Brief:
Transcribe only what runs from the line containing "LOCAL TEXAS REAL ESTATE logo" through the final line below, exactly, and leave every picture out.
Supplied information section start
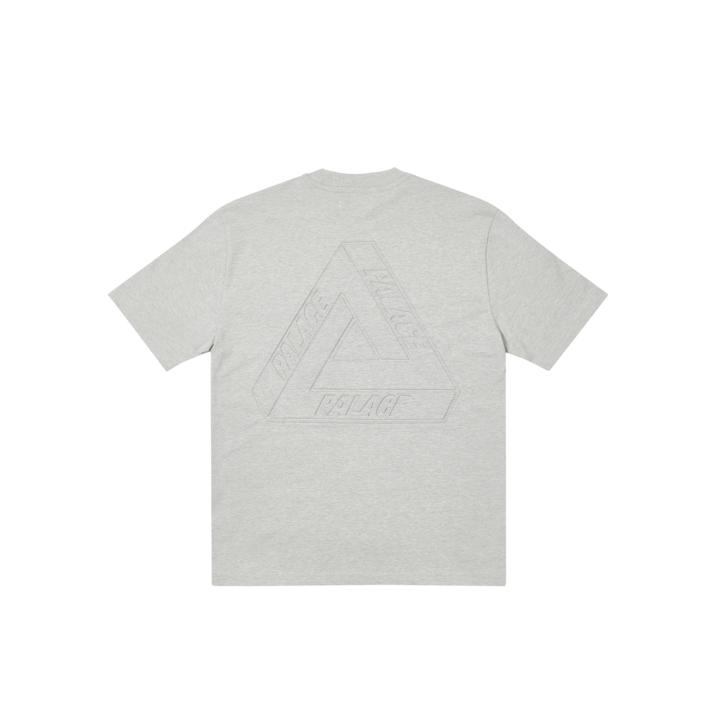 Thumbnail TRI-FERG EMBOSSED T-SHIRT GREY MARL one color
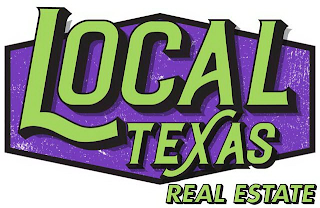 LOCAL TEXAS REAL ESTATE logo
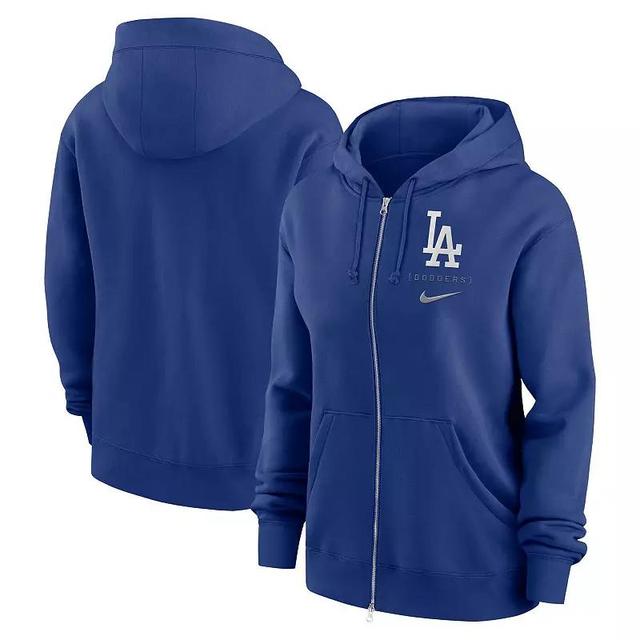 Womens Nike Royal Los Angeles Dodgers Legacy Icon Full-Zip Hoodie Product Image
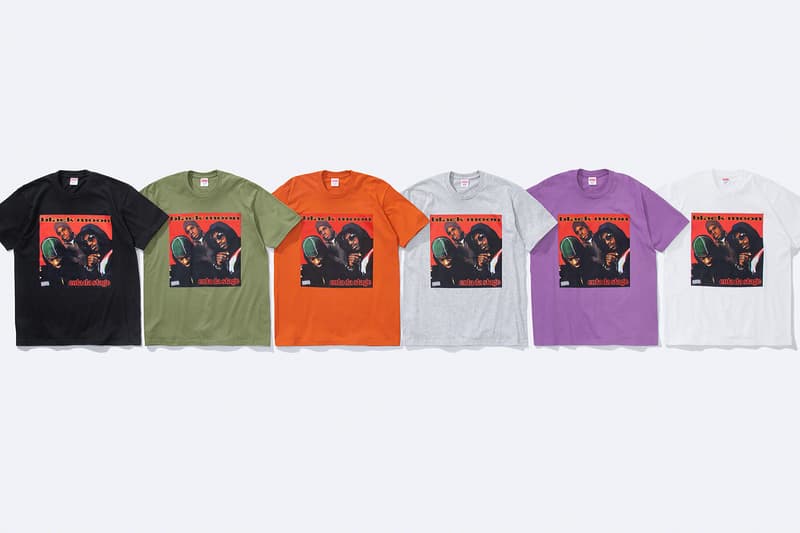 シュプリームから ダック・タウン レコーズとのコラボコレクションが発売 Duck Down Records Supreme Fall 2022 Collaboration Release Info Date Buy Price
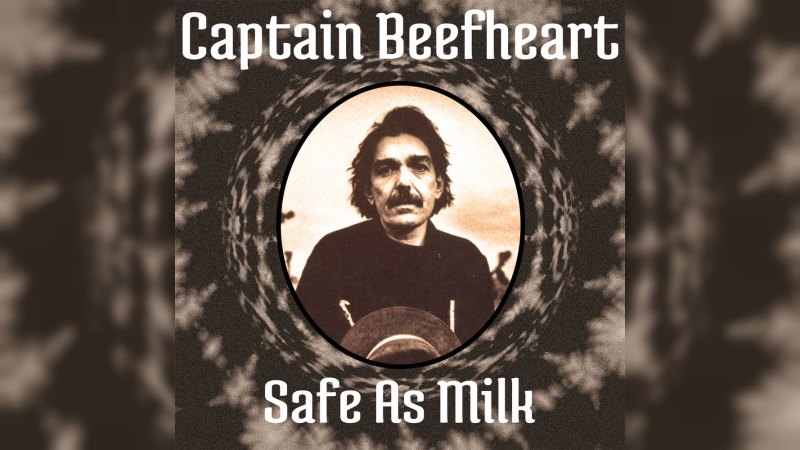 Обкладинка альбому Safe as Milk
Supplied information section end
Solution below:
 LOCAL TEXAS REAL ESTATE logo
 Womens Nike Royal Los Angeles Dodgers Legacy Icon Full-Zip Hoodie Product Image
 シュプリームから ダック・タウン レコーズとのコラボコレクションが発売 Duck Down Records Supreme Fall 2022 Collaboration Release Info Date Buy Price
 Обкладинка альбому Safe as Milk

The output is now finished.